Last Updated: 1/12/07
Militarization of Intelligence


Military takes over intelligence

Melvin A Goodman
Miami Herald
January 12, 2007

The expected confirmation of retired Navy Adm. Mike McConnell as director of national intelligence will complete the Pentagon's takeover of the intelligence community and end any pretense of civilian influence, let alone control, of the community. Flag officers are now in control of the Central Intelligence Agency and the National Counterterrorism Center as well as the key position of undersecretary of defense for intelligence.

The militarization of intelligence is a reversal of the kind of community that President Harry Truman began to create 60 years ago and will complicate efforts to rebuild the nation's strategic intelligence capabilities.

Over the past decade, the Department of Defense has gradually become the chief operating officer of the $45 billion intelligence industry.
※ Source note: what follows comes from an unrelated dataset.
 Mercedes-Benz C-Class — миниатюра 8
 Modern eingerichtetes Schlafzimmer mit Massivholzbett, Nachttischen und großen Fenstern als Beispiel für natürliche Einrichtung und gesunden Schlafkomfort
The Pentagon controls more than 80 percent of the intelligence budget as well as more than 85 percent of all intelligence personnel. Most collection requirements flow from the Pentagon, and the deference within the policy community and the congressional intelligence communities for the ''warfighter'' has meant that tactical military considerations have overwhelmed collection for strategic geopolitical considerations.
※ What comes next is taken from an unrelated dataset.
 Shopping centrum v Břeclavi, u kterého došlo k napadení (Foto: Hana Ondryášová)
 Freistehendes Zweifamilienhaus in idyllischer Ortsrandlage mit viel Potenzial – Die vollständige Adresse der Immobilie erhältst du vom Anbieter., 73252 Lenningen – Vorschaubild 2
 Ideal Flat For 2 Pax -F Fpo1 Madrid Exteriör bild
There are major risks in the military domination of the important field of satellite imagery, which is used to justify the defense budget, to gauge the likelihood of military conflict, and to verify and monitor arms control agreements. Gen. Colin Powell's memoir, An American Journey, details the military's willingness to suppress sensitive imagery intelligence. During Desert Storm in 1991, Gen. Norman Schwarzkopf said that a smart bomb had destroyed four Iraqi Scud missile launchers. Intelligence imagery demonstrated that it had actually destroyed four Jordanian fuel tanks. Schwarzkopf's intelligence officers would not tell him he was wrong, nor would Powell, who concluded that preserving Schwarzkopf's ''equanimity'' was more important than the truth.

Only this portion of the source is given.